だとしたら、なんで? どうして私はあの子が見えなくなったのだろう。さとる君はまだ見えるのに。
「まりちゃん、そっちじゃない……」
さとる君に声をかけられて私は我に返った。危ない。別れ道で違う方へ行ってしまうところだった。
「なんであの子がいたのに引き返したの?」
さとる君に問われて言葉に詰まる。
「いなかったから。見えなかったから」
「いたじゃん!」
「いなかったの! さとる君はもうあの子のこと、忘れなきゃいけないの!!」
怒鳴り合う私たちに夏のむわっとした空気が吹きつけた。
唐突に閃いた。
私の体が「おとな」になったからかもしれない。
「ごめん、今日は戻ろう」
私は不満そうなさとる君の手を引いて行きとはうってかわって、重たい足取りで祖父母の家に戻った。

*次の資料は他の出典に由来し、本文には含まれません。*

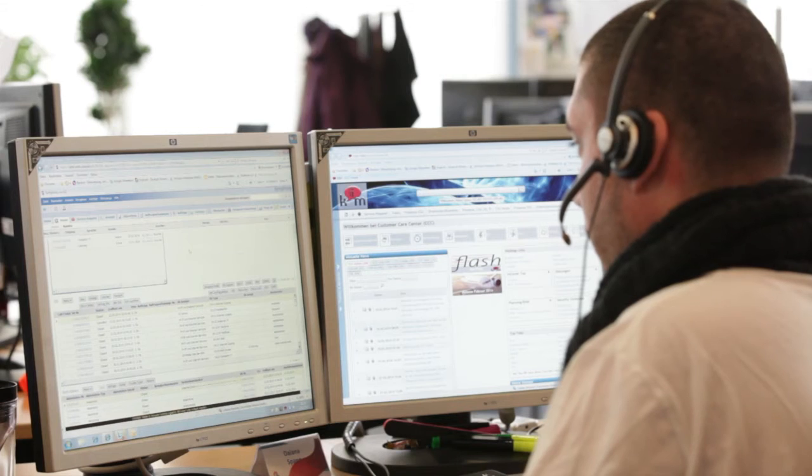All the relevant data is presented very simply and reliably at a glance, providing the starting point for an optimum customer experience.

そうしたら、そこまで体感では時間が経ってないはずなのに、実際はかなりの時間が経っていて親戚たちに怒られたのだけれど、私は上の空でお説教を聞いていた。
***
あの後、色々調べたけれどよくわからなかったなりに、戦時中に亡くなった女の子だったのかも、と思うようになった。髪型と服装が当時の写真に当てはまったからだ。さとる君には当時、「忘れなきゃいけない」と言ったが、忘れることなどできない。あの子との交流は今の私を明確に形作っている。
「次は〜」
目的地の最寄り駅まで着いたので、私はカバンを持って立ち上がる。今日は、本が好きな人にとっては楽園のような、新しくできた施設に来たのだ。今、私は、あの子とさとる君にでっち上げて語っていた作り話の能力を伸ばして、本を読むだけでなくお話を書くようになっている。
電車から降りる時、ふと窓の外にあの子の白いワンピースが翻り、笑いかけられた気がした。
改札口に向かう前、がたん、ごとんと駅を発車して遠ざかっていく電車を見送った。